Plus récemment, en août 2023, la station RFI, pour laquelle Moussa Kaka travaillait, a été fermée par les autorités nigériennes. Ces événements s’inscrivent dans un contexte de rétrécissement de l’espace civique au Niger depuis le coup d’État du 27 juillet 2023.
Un climat de répression généralisée contre les médias
Les atteintes à la liberté de la presse au Niger ne se limitent pas à cette affaire. Plusieurs autres journalistes ont été victimes de harcèlement judiciaire ces derniers mois :
- En mai 2025, trois journalistes de la radio Sahara FM (Agadez) – Hamid Mahmoud, Mahaman Sani et Massaouda Jaharou – ont été interpellés pour avoir relayé une information concernant une rupture de coopération en matière de renseignements entre le Niger, la Russie et la Turquie. Après une libération initiale, deux d’entre eux restent aujourd’hui en détention préventive.
Ces incidents montrent une tendance inquiétante à l’utilisation de la loi sur la cybercriminalité pour museler les voix critiques et restreindre la liberté d’expression. L’Observatoire pour la protection des défenseur·es des droits humains rappelle que ces pratiques violent l’article 19 du Pacte international relatif aux droits civils et politiques (PIDCP) et l’article 9 de la Charte africaine des droits de l’Homme et des peuples, qui protègent le droit à la liberté d’opinion et d’expression.
Des mesures urgentes attendues des autorités nigériennes
Face à cette escalade de la répression, l’Observatoire formule plusieurs demandes pressantes :
- La libération immédiate et inconditionnelle des journalistes Ibro Chaibou, Youssouf Seriba, Oumarou Kané, Hamid Mahmoud et Mahaman Sani, toujours détenus ;
- L’abandon de toutes les charges retenues contre les six journalistes incriminés ;
- Une révision de la loi sur la cybercriminalité pour la rendre conforme aux normes internationales en matière de droits humains ;
- La fin des arrestations et détentions arbitraires des défenseur·es des droits humains et des journalistes.

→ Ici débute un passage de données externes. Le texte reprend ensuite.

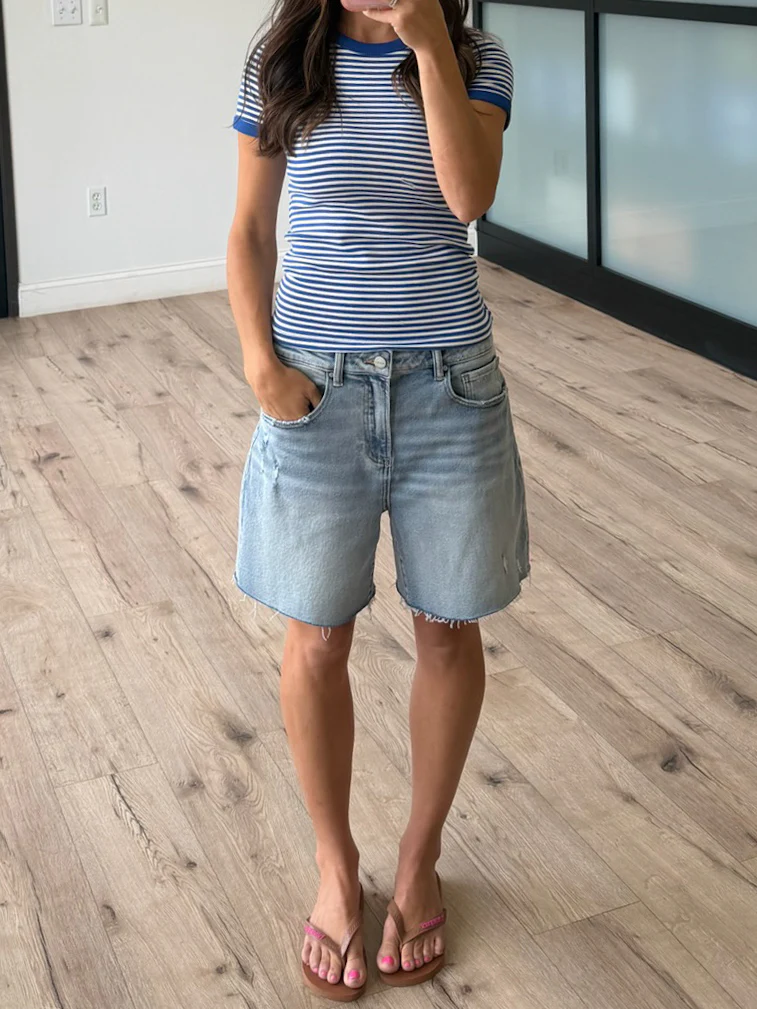 On With It Stripe Tee | Blue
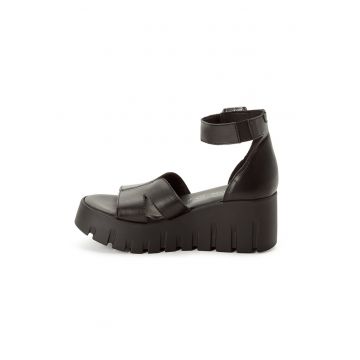 Sandale wedge de piele - Negru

L’Observatoire rappelle que la loi nigérienne sur la cybercriminalité, modifiée par l’ordonnance 2024-28 du 7 juin 2024, avait déjà suscité des craintes quant à son utilisation détournée pour réprimer les défenseur·es des droits humains. Les organisations de défense des droits humains craignent que des infractions comme la diffamation ou la diffusion d’informations jugées « troublantes » ne soient utilisées comme prétextes pour museler les voix dissidentes.
Un appel à la mobilisation internationale
Cette situation illustre la dégradation alarmante de la liberté de la presse au Niger et plus largement de l’espace civique dans le pays. Depuis le coup d’État de juillet 2023, les violations des droits fondamentaux, notamment la liberté d’expression, d’opinion, d’association et de réunion, se multiplient. Les arrestations et détentions arbitraires de défenseur·es des droits humains, comme Moussa Tchangari (détenu depuis près de 12 mois), en sont une illustration tragique.
Alors que le Niger s’enfonce dans une crise politique et sociale, la communauté internationale est appelée à réagir fermement pour faire cesser ces atteintes aux droits humains et soutenir la liberté de la presse dans le pays.